Most of us hate carrying them – and some of us don’t even pick them up if we drop them. So could we just phase them out?

Although they're still legal tender, you'll almost never be asked for a 1c coin in either Finland and the Netherlands.
Although they're still legal tender, you'll almost never be asked for a 1c coin in either Finland and the Netherlands.
Image: ben.chaney via Flickr

THEY’RE SMALL, FIDDLY, machines don’t accept them – and quite a few of us simply throw them away, or don’t bother picking them up if we drop them.

They’re also a fairly expensive business – with mints across Europe forced to continue producing more and more, in order to cover the shortage that arises when we keep them in jars and drawers across the continent.

But could Ireland ever simply decide to stop using the 1c and 2c coins?

A Europe-wide survey taken in September 2010 revealed that the Irish were among the Europeans who most favoured the removal of 1c and 2c coins from circulations, with 89 per cent of Irish people wanting to scrap the 1c coin and 73 per cent looking to abandon the 2c piece.

That was out of the 26 per cent of Irish people who said there were too many coins to begin with – with only 70 per cent of people satisfied that there were just the right number of Euro pieces in circulation.

Unsurprisingly, though many countries were similarly minded – a significant number of people in every Eurozone country were dissatisfied with the current rage of coins – there was just one countries where fewer than one-in-ten said there were too many coins.

That country was Finland – where, thanks to local conventions, the use of those small coins is very rare indeed.

Working around the rules

Finland’s solution is a relatively creative one, building on examples which already exist elsewhere in the world – but doing so in a way to get around the legal complexities of a pan-continental currency.

Rules agreed by the finance ministers of the EU countries in 1998 specifically outlined the denominations of Euro coins that would exist through the EU.

This means that individual countries don’t have a legal option to simply remove the small denominations from their local currencies: because the rule takes the form of a Regulation, it becomes the fixed law of each country, and can only be amended with a similar consensus.

This isn’t likely to happen – most prominently because the country that’s most in favour of keeping it is Germany, where consumers are happy with the coin selection, and where retailers are particularly keen on retaining the ability to exploit psychological pricing – charging, for example €1.99 for products instead of €2.

So, without that consensus, it’s a legal requirement for the 1c and 2c coins to remain legal tender.
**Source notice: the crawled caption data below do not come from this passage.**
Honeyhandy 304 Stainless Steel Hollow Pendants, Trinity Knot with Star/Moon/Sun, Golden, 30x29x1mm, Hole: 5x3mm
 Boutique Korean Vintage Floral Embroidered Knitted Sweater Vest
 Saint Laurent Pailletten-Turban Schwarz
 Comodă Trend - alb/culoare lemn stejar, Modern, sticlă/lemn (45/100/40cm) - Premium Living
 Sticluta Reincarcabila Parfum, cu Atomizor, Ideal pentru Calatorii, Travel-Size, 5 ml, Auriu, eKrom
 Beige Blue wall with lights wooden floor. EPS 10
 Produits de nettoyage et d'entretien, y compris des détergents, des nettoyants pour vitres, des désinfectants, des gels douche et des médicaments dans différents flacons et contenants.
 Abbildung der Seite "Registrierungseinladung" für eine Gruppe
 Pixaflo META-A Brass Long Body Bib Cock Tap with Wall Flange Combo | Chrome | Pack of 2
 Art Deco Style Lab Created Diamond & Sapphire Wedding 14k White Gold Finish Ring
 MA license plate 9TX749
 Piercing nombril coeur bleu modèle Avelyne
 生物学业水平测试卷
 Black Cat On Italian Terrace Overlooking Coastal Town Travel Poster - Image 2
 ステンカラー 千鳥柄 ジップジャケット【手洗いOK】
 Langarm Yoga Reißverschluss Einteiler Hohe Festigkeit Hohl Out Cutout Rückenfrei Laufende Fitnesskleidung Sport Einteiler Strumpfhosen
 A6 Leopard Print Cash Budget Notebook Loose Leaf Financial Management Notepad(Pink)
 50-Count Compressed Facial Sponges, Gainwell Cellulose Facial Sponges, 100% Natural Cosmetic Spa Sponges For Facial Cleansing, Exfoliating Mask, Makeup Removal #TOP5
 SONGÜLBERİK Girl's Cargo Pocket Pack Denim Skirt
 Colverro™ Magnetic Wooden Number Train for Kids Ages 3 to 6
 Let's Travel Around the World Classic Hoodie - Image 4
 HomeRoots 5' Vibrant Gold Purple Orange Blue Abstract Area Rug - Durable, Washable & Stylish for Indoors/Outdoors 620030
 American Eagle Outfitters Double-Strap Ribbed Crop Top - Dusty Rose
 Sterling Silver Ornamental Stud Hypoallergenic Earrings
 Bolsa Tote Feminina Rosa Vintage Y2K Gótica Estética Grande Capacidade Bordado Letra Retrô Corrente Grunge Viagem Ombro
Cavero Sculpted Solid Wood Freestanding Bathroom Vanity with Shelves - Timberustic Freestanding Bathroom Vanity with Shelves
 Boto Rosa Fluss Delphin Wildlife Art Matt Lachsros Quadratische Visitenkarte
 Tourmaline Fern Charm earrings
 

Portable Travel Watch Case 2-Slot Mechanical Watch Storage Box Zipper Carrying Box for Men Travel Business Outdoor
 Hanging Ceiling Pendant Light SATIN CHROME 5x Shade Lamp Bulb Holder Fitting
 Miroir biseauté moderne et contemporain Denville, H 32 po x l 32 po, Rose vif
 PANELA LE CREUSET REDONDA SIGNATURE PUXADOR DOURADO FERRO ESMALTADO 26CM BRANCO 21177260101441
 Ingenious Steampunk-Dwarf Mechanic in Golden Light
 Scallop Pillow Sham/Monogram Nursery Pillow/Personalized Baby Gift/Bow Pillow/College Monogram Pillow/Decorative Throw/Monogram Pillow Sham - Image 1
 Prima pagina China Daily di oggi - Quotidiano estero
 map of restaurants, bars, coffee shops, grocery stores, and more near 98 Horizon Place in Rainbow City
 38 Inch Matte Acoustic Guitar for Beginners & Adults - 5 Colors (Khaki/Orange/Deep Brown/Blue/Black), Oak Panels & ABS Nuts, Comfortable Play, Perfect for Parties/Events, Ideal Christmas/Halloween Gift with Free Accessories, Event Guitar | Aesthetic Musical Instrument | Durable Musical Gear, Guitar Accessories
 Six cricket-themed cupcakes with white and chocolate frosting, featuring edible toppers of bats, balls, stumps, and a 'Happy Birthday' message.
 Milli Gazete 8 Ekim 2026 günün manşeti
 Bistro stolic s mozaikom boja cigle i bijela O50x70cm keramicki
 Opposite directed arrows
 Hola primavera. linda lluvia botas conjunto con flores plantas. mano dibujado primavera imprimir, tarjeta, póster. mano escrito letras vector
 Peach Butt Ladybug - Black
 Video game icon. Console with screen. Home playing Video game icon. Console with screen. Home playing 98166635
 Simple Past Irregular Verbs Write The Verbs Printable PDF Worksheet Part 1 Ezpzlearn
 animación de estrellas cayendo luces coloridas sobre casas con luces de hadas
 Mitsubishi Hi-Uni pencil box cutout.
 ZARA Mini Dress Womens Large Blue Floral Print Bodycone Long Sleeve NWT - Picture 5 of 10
So how did Finland get around it?

Simple – the retailers and consumers got together and decided: let’s just not use them. While the 1c and 2c coins are still legal tender in the country, and are minted by the Central Bank, you’re not likely to ever be asked for the coins.

Pretend they’re not there, and they won’t be

So while retailers still use 1c and 2c denominations when they’re pricing their products – something can still cost, for example, 41c – when it comes to paying, the coins are simply ignored.

If a total bill in a supermarket or restaurant comes to €61.67, and you’re paying with cash, then it’s simple: both sides pretend like the 2c coin doesn’t exist, and you’re simply charged €61.65 instead.

If the bill comes to €61.68, a similar system is used: you are asked instead to fork over €61.70. In either case, the bill is rounded to the nearest 5c unit.

Think of it as being a little like those supermarkets that run a ‘Take a penny, leave a penny’ system, where a little jar is left beside the till for some shoppers to discard their unwanted coins, leaving them for other shoppers who might find themselves a couple of cent short.

The only difference is that the jar exists only in theory: for every instance where a shopper is conned out of a couple of cent, there will almost certainly be other situations where the system works in their favour.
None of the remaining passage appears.